Still laughing hysterically over Tex's near assassination, we headed to a small palace that houses a museum to the former kings. Soldiers were training on the expansive grounds. Inside, we looked at the furnishings and costumes of the long dead king. Oddly, there was a large, Western-looking hoop dress arranged in the same room. Reading the translation, I finally realized what this dress was. It was a dress that belonged to Anna Leonowens... and this room was where she met Rama IV, King Monkut... yes, the same King of Siam and the British school teacher from “The King and I”.
We drove back towards Bangkok to visit the old city. We pulled into a floating restaurant on a barge in a nearby river. We ate soft bone fish and bowls of fried mushrooms and chilies. A group of Americans was sitting behind us, and they weren't having much luck in ordering, or even knowing how to pay. They noticed that Flick was speaking English, and asked for help. We began chatting about where they were going, where they were from, etc. Turns out, they were a group of FBI agents in Thailand to train their police force. They were probably the same agents that were called in to investigate the death of David Carradine... hope they return my handcuffs and wig...
Next up, we traveled to an ancient temple of gold, called Wat Chai Watthanaram This temple looks just like a small version of the enormous Cambodian temple Ankor Wat. Once, all the spires and temple walls were completely covered in gold. But this opulence came at a cost. When the Thai people went to war with the Burmese, they came in and destroyed much of the temple. There were hundreds of Buddha statues lining the walls, all of them beheaded and partially destroyed by the plundering Burmese. People still find small drops of gold in the nearby grounds from when they melted the gold off of the temple walls.
Flick told stories about the horrific fights that occurred on this site throughout history. Every time the Thais and Burmese fought, this temple was the most contested land in all of Southeast Asia. Hundreds of battles and thousands upon thousands of lives were lost on this small parcel of land. Wat Chai Watthanaram is the most cursed and haunted area in all of Thailand. No one dare digs into the soil, for fear that they may disturb the layers of bones from long dead soldiers just beneath their feet.

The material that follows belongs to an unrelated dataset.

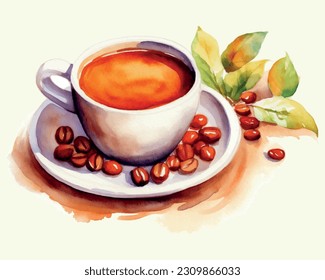 A cup of coffee with leaves and beans isolated on white background, vector image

The three of us climbed the near vertical stairs of the central spire and let Tex set up his camera to get some good pics. As we balanced ourselves atop the ancient steps, Tex went to town taking photo after photo... glasses on, glasses off, smiling, not smiling, cool, smiling with glasses on, thumbs up... etc. Some Japanese tourists walked by, and I think even they snickered at how silly three fat guys wearing the same T-shirt looked nestled on those steps.
Just down the road was three more temple spires... the whole area is filled with them. This one was more of a public prayer place, with buses of tourists offloading in the parking lot. I did join them for a quick prayer to help my sore feet at a statue of the reclining Buddha. Flick took me through the procedure on how to correctly pray. I bought a lotus flower, some incense, a candle, and some gold leaf from monks sitting nearby. I lit the candle in an oil lamp, and placed it in a stand in front of the Buddha. Next, I lit the incense and gave the lotus flower to the Buddha, and asked that he help my sore foot. Then, I placed the gold leaf onto the foot of the Buddha where my own feet were killing me. After that, I circled the statue three times asking for his blessing. I felt a little foolish, not being Buddhist myself, but anything helps.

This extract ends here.